##### SOURCE MATERIAL #####
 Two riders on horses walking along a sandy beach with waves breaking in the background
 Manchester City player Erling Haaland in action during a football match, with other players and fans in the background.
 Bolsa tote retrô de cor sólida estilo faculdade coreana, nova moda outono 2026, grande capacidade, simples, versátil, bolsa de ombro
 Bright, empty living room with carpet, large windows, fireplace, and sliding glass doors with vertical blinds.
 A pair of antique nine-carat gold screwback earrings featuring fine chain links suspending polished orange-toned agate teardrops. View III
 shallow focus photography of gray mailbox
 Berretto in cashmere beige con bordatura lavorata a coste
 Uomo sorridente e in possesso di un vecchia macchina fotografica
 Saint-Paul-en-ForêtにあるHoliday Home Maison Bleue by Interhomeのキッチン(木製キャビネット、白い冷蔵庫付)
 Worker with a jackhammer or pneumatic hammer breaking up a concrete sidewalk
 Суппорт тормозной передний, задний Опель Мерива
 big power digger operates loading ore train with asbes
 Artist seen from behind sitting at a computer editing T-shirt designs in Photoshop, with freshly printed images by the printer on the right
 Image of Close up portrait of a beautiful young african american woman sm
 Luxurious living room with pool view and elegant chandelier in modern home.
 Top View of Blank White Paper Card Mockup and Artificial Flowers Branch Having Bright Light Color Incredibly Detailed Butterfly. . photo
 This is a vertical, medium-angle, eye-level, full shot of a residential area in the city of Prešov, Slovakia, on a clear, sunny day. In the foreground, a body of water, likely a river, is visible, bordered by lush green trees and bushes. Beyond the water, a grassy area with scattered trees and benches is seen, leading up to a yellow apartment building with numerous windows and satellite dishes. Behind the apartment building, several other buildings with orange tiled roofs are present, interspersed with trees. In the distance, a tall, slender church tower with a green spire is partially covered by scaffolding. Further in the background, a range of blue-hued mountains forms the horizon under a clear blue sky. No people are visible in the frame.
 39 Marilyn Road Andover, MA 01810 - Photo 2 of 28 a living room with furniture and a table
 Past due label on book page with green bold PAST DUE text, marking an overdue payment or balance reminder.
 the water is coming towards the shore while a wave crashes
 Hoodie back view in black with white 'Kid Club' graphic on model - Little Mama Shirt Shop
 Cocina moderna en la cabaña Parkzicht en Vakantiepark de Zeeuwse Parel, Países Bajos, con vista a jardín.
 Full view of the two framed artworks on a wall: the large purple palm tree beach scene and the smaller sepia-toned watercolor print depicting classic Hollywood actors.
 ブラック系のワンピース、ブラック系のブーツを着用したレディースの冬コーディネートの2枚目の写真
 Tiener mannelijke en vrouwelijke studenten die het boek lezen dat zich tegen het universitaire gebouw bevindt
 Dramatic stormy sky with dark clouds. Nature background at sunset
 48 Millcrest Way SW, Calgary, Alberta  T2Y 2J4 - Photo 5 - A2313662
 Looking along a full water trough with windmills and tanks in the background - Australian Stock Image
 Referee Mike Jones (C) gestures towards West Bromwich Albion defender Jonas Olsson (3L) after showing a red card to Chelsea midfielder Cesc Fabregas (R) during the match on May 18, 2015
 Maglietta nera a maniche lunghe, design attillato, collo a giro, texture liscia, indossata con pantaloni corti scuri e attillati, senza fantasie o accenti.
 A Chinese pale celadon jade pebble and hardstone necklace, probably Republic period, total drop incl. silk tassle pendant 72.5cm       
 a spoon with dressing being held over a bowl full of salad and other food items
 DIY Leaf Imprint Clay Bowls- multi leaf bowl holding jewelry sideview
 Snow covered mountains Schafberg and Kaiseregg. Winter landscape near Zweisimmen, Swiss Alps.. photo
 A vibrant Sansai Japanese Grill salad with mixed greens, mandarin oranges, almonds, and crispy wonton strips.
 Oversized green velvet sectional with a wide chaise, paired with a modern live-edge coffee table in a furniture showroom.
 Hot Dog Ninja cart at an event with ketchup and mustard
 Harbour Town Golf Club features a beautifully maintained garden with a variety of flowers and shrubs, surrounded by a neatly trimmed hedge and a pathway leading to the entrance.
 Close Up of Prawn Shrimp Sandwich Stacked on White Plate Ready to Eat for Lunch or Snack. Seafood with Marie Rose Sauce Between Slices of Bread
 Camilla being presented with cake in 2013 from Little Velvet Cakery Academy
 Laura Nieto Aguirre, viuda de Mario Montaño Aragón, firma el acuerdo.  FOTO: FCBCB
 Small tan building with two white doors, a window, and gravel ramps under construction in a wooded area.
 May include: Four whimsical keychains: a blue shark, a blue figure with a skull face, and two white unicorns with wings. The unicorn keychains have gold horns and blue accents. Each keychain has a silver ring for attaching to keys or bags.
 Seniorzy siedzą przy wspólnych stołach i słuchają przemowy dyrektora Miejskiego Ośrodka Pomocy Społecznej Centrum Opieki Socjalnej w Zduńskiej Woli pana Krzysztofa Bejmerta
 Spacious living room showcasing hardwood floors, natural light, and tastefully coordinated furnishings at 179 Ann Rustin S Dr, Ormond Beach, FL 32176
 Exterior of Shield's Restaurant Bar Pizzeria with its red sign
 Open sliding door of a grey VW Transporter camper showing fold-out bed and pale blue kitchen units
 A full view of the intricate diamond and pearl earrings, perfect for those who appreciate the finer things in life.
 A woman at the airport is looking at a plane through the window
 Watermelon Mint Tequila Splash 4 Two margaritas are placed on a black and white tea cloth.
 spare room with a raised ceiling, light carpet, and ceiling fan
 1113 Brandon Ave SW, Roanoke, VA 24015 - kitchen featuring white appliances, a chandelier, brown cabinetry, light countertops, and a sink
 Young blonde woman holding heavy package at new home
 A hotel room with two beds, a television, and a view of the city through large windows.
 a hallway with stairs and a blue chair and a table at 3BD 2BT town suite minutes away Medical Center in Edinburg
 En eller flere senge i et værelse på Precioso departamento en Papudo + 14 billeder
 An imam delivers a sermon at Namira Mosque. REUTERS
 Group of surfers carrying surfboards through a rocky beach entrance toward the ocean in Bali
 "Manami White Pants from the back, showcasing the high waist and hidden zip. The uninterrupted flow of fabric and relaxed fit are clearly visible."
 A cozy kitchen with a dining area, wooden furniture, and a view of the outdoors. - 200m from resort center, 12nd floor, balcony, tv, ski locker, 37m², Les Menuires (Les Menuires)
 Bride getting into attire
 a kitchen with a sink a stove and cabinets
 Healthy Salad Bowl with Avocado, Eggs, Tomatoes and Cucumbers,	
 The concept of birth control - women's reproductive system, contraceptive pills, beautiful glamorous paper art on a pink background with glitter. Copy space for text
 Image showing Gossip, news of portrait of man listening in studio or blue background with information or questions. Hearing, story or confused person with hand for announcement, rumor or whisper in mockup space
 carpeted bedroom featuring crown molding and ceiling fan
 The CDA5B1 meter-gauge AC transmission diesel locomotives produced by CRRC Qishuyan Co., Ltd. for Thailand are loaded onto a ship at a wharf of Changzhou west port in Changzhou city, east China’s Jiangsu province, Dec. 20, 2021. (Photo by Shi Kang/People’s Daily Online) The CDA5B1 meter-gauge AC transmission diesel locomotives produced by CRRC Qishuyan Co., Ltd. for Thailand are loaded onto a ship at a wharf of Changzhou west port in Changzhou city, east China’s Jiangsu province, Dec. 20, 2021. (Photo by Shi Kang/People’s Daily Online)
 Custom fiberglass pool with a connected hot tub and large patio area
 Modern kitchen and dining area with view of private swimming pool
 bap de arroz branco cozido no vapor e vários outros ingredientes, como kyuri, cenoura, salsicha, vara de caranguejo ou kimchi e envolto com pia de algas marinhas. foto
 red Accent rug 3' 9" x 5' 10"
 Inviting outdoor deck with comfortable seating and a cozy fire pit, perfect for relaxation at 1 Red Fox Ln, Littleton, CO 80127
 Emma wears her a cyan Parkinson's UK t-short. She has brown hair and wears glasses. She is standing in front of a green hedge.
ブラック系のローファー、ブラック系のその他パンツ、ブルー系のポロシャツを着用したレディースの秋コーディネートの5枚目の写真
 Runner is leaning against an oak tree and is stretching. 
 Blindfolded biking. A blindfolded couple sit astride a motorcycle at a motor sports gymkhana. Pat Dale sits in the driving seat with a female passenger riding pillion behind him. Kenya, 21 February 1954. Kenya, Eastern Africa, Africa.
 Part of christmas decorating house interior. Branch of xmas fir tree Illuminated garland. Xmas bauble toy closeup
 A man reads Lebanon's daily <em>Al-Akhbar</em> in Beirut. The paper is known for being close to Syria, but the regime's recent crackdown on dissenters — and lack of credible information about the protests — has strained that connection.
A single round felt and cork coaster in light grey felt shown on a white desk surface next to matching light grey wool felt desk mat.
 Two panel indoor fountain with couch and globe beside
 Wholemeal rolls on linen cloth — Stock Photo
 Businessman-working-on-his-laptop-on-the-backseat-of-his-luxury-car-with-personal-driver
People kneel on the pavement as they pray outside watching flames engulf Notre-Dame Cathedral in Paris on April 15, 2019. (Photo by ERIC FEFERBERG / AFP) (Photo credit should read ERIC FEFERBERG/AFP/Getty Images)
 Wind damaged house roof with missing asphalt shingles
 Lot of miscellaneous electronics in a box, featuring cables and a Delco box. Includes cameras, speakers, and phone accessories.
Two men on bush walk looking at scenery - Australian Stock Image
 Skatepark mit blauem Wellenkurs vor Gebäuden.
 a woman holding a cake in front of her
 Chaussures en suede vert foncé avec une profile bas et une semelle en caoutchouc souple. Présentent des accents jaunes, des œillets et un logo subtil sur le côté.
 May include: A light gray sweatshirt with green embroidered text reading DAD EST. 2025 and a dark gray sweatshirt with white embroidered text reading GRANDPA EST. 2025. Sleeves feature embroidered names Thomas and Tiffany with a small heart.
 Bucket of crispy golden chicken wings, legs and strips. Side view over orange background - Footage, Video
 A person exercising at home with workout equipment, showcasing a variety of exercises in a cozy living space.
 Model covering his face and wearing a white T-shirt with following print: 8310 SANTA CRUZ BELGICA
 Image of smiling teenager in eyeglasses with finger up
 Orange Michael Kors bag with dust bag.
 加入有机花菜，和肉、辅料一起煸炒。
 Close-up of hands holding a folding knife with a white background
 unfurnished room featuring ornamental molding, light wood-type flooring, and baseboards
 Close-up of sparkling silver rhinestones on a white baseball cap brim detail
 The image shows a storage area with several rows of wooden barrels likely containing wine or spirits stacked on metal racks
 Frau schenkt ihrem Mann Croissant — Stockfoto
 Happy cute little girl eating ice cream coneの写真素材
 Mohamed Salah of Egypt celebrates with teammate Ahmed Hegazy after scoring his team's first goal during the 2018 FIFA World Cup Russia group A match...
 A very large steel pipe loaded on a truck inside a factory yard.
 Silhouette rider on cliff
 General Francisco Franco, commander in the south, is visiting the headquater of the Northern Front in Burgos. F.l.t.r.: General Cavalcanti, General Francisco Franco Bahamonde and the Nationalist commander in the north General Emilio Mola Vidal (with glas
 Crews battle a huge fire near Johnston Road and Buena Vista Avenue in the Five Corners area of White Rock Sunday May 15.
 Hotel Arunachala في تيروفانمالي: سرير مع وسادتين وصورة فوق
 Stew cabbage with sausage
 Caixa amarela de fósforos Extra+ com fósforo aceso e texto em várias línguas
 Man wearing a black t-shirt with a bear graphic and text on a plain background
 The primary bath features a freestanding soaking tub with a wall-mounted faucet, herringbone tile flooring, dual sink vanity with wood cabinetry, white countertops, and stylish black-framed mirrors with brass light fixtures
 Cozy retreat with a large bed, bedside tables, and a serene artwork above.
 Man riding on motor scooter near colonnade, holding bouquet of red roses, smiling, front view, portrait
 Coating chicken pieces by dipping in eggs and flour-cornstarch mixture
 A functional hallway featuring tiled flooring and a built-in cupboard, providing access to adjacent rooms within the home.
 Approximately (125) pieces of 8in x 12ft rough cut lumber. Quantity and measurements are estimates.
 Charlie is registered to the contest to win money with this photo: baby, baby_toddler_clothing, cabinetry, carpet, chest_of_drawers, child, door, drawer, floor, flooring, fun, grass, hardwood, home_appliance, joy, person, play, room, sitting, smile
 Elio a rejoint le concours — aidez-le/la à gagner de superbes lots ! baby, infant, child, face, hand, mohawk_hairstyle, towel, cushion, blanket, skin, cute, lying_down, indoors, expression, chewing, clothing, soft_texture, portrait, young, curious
#####
## WHAT TO PRODUCE
Every line that holds the word "accents" should be copied from the listing.

## ANSWER TO THIS EXERCISE
 May include: Four whimsical keychains: a blue shark, a blue figure with a skull face, and two white unicorns with wings. The unicorn keychains have gold horns and blue accents. Each keychain has a silver ring for attaching to keys or bags.
 Chaussures en suede vert foncé avec une profile bas et une semelle en caoutchouc souple. Présentent des accents jaunes, des œillets et un logo subtil sur le côté.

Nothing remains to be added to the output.